* [Excerpts from a dataset]:
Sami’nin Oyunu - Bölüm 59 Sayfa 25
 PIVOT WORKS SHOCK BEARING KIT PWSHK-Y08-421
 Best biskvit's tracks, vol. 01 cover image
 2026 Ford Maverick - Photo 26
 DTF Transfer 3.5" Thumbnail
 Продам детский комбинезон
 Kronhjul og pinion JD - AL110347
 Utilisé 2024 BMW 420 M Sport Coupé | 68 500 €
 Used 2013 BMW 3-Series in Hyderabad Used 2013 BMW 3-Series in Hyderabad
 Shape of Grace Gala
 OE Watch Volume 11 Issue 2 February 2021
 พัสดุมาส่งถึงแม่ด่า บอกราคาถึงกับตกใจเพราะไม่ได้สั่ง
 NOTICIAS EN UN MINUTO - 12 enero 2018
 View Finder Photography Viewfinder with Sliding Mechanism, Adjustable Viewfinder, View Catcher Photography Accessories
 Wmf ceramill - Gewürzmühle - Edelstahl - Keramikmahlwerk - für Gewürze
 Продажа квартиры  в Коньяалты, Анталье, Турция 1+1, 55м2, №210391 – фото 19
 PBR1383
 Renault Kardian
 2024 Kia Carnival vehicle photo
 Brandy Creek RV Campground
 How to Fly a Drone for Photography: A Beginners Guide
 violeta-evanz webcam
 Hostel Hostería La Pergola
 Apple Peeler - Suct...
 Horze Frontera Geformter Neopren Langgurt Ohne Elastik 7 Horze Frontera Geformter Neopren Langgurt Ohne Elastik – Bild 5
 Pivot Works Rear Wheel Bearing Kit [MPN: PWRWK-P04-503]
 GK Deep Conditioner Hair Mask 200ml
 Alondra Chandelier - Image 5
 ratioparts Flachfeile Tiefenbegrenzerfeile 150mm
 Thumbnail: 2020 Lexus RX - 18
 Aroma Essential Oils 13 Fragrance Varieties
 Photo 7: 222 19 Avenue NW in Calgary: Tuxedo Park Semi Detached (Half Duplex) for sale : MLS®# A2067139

* [What this task involves]:
Look above for the line holding "Best biskvit's tracks, vol. 01 cover image" and the line holding "NOTICIAS EN UN MINUTO - 12 enero 2018". Retype both, and every line between them, word for word and nothing else.

* [Expected answer]:
 Best biskvit's tracks, vol. 01 cover image
 2026 Ford Maverick - Photo 26
 DTF Transfer 3.5" Thumbnail
 Продам детский комбинезон
 Kronhjul og pinion JD - AL110347
 Utilisé 2024 BMW 420 M Sport Coupé | 68 500 €
 Used 2013 BMW 3-Series in Hyderabad Used 2013 BMW 3-Series in Hyderabad
 Shape of Grace Gala
 OE Watch Volume 11 Issue 2 February 2021
 พัสดุมาส่งถึงแม่ด่า บอกราคาถึงกับตกใจเพราะไม่ได้สั่ง
 NOTICIAS EN UN MINUTO - 12 enero 2018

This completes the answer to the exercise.